To be sure, a genuine need for refuge from persecution had a legitimate place in the Zionist project. The Palestinian “Homeland” did indeed accommodate refugees; many came escaping persecution and the holocaust that followed, and they did heroically build a new life for themselves, something impossible not to applaud. But they were a drop in the bucket and could not have been much more: as Shavit tells us, Palestine/Israel was hard-pressed to take in just 750.000 immigrants between 1945 and 1951.
Today Israel’s population includes over six million Jews and over two million others, mostly ill-treated Arabs. But over half that Jewish population is from the Middle East, Asia and Africa; those from West Asia and North Africa would not have had to flee their homes if Israel had never been created; indeed, with their Arabic culture many did not initially feel at home in Israel. Others came, and come, for reasons of identity or economic opportunity: like Indian Jews. A nation, after all, is an imagined community.
Israel has built a dynamic, entrepreneurial, creative and in some degree hedonistic society far removed from the life and ideology of the kibbutzim. “As Jews, we never had it so good.” But, says Shavit, Athens must keep something in it of Sparta. A liberal Zionist, he disapproves of the post-1967 settlements driven by religious fanatics claiming the rest of Palestine on the strength of the Bible; he believes the settlements must be vacated, yet cannot believe that doing so could help to bring about peace. Israel, for him, is surrounded by implacable enemies, and must face them down for all time to come. He vocally supports Netanyahu on Iran: but would anyone expect, in the face of Israel’s own nuclear weaponry, that others would not follow?

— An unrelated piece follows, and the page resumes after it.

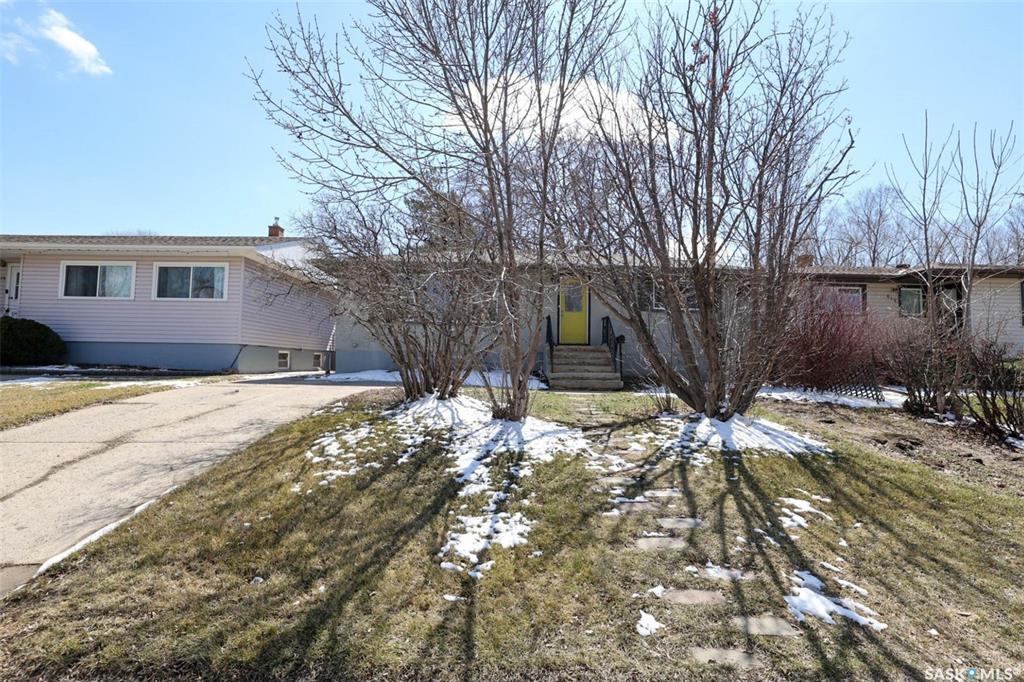 Third View of 617 Mullin Avenue E, Arnhem Place, Regina, Saskatchewan, S4N 1E1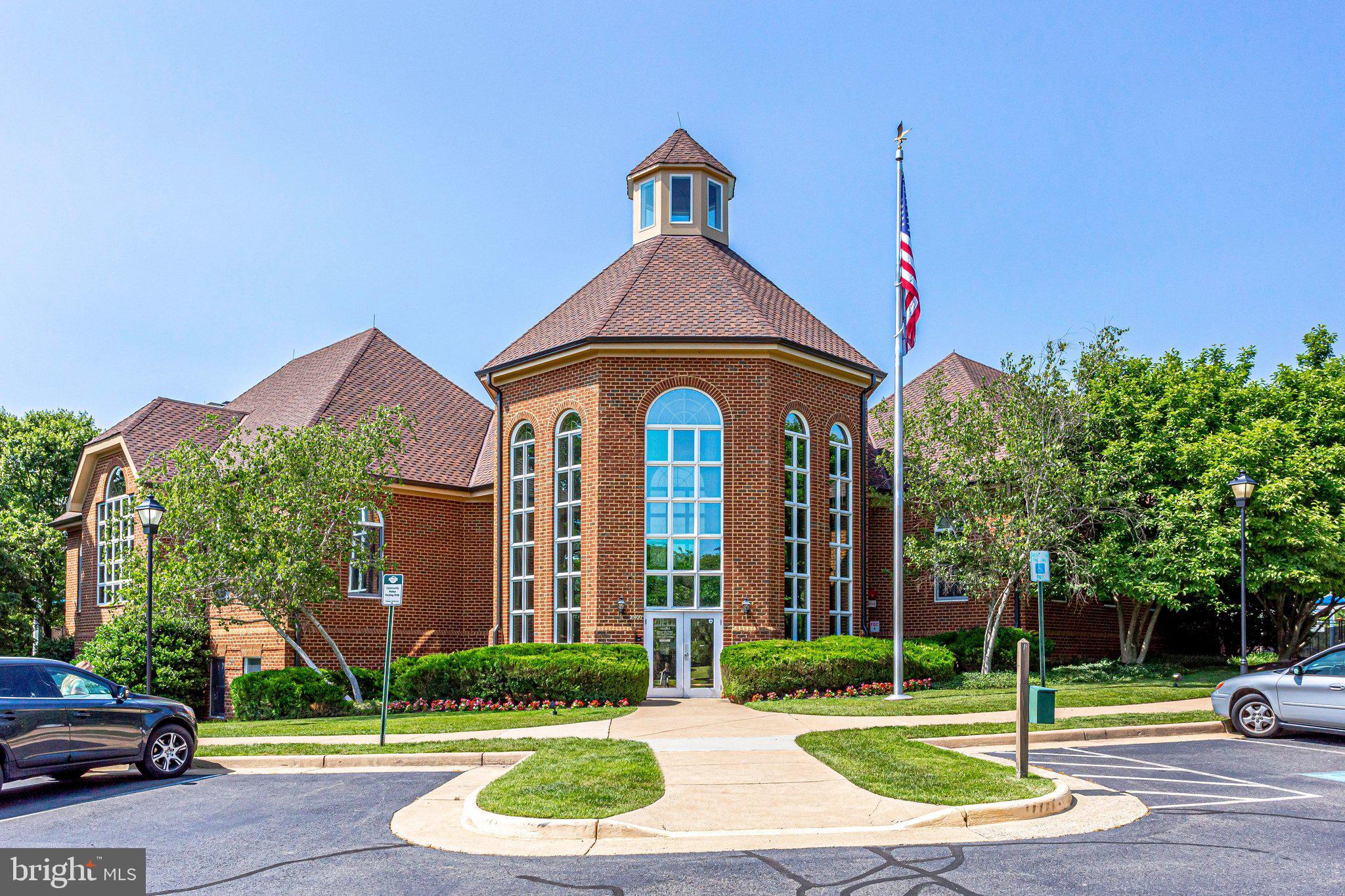 ASHBURN FARM - Residential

Shavit himself does not seem to think so, only that the dreadful moment must be put off.
There is something missing here. Must everyone around Israel—even the Palestinians—really be an enemy forever, for all time to come? Does even a balance of nuclear weapons necessarily lead—contrary to all experience—to war? Or do even liberal Zionists cling, somewhere deep inside, to a paranoid glory of permanent struggle? Why is there no thought of healing wounds, any kind of magnanimity? Has Israel, in the longer perspective of history, any future without reconciliation? To me the most revealing passage in this book is the experience of an Arab-Israeli lawyer—a friend whom Shavit characterizes without embarrassment as “so Israeli”—in back-channel talks between senior Palestinians and Israeli peaceniks. The Palestinians wanted Israel to pay reparations to build the future Palestinian state “just as the reparations paid by Germany to Israel were utilized for national projects”. At which “the peaceniks went berserk” and the talks collapsed.
Shavit starts his book: “For as long as I can remember, I remember fear, existential fear.” He is reasonable enough to place the blame for that where it belongs. But not once does it occur to him to apply that Israeli shibboleth, “existential threat”, to the Palestinian condition: that remains invisible.